Read from an external data store
Process each data entry being read in
Send one or more processed data document to Elasticsearch
Wait until entire source data set has been exhausted

OUTPUT

Output port used to send a trigger signaling success to downstream pipes.

WaitLink connects one pipe to another pipe or pipeline. It pauses the dataflow until the completion (success, partially successful, or failed) ofthe current stage.

Do not modify these default NiFi process groups or the source code included for reference.

A logging service is provided with the Ingest service. You can use this to track messages and statuses of individual pipes as data flows through the system.

Connectors

A connector is a dataflow pipeline or set of pipelines (NiFi process groups and their connections) that perform data ingestion and transformation tasks to ready the data for the search index. Connectors provide the business and data lifecycle context to pipelines of connected process groups in NiFi. Some examples of the connector context include the data lifecycle (product, category, etc.), whether the dataflow is intended for the live or authoring environment, or whether it is used in near-realtime or full reindexing.

There are master connectors that can build an index (in the case of auth.reindex and live.reindex). Connectors are to be defined as a connector descriptor, created using the Ingest service API and stored in ZooKeeper.

Note: From Version 9.1.10 on, the Ingest service automatically synchronizes NiFi with your custom connector descriptors stored in Zookeeper. The default connector descriptors from earlier releases, previously stored inside of Zookeeper are no longer needed, except those that are customized. You maintain your own copy inside of Zookeeper. For more information, see Release changes to the Ingest service.

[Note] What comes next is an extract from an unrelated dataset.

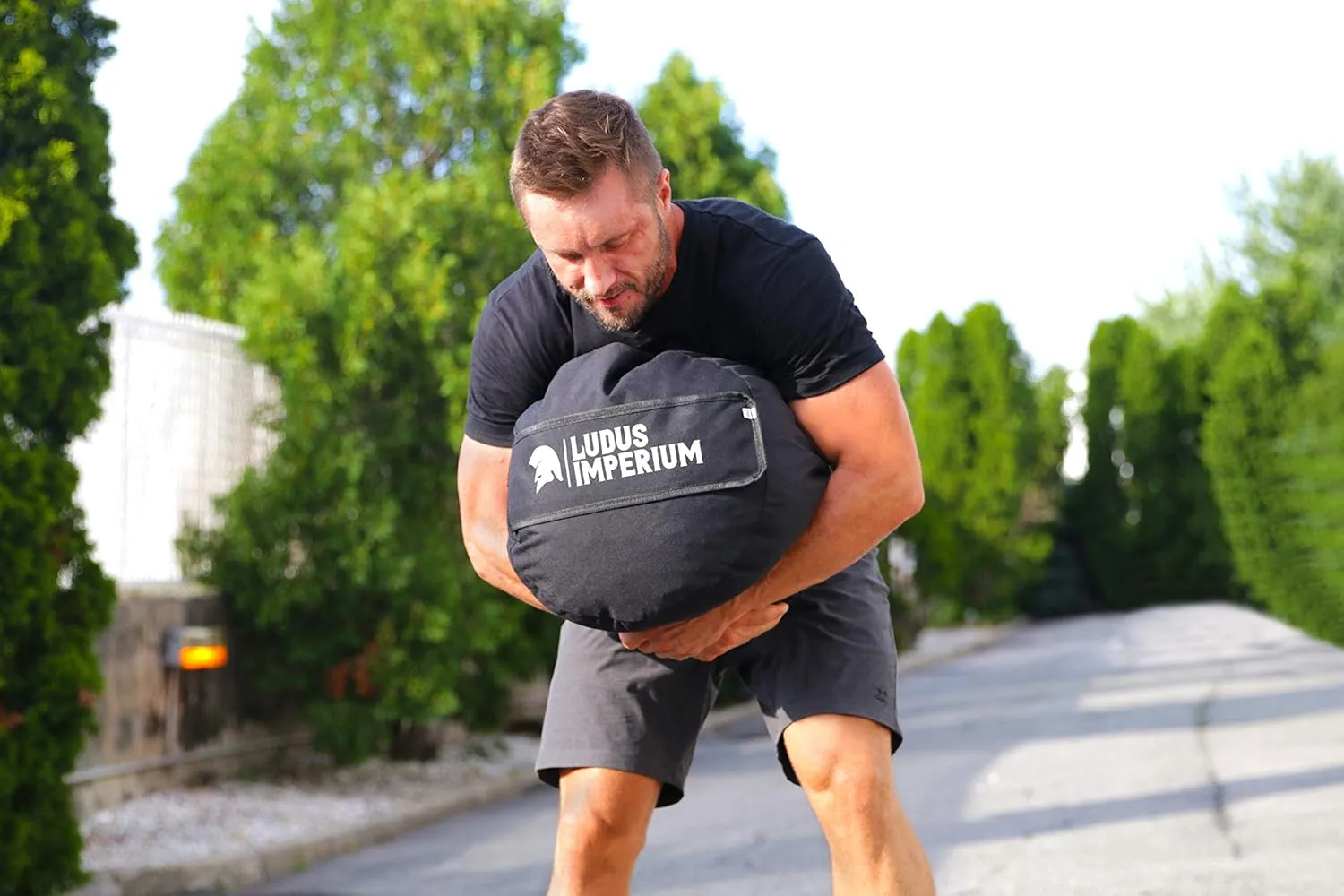 Training Sandbag, Heavy Duty Workout Sandbags for Training, Fitness, Cross-Training & Exercise, Workouts, Sandbag Weights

You use the NiFi visual editor to string connectors and processors together. Access the NiFi interface at the following address:

http://ElasticSearchhostname:30600/nifi/

Where ElasticSearchhostname is the address of the Docker container where your Elasticsearch instance is installed.

For more information about using NiFi, see the Apache NiFi User Guide.

Processors

NiFi Processors are the basic building blocks of dataflow pipelines. Processors perform specific tasks within the pipeline, such as listening for incoming data; pulling data from external sources; publishing data to external sources; and routing, transforming, or extracting information from FlowFiles. Processors are grouped into process groups and connected together to form dataflow pipelines. Dataflow pipelines are in turn grouped together and given context by connectors. A special NiFi processor, such as a "link processor" may provide flow control in a pipeline. For example, a frequently used link processor is a "WaitLink" that pauses the dataflow until the current stage has completed, with a status of success, partially successful, or failed, before allowing transmission of data to the next process group in the dataflow pipeline.

Process group

A NiFi process group is a network of NiFi processors where each processor is only responsible for processing one simple task. These processors are connected together to manage a more complicated operation. Process groups are further connected, and may be nested, inside NiFi to form dataflow pipelines. As with processors, data enters a process group with one state and comes out of it with another state. Processors and process groups themselves are stateless. NiFi process groups and their connections (represented in JSON as "flows" stored and organized in "buckets") are versioned and maintained in the NiFi Registry.

Data specifications

Each Apache NiFi specification defines the data type and structure of an input document. If you want to build a NiFi pipeline, you generally start with the specification. NiFi natively supports hundreds of different specifications. If one already exists you may be able to use it without modification. If you want to customize your pipeline, NiFi provides a powerful toolkit, including an API that allows you to define your own specifications.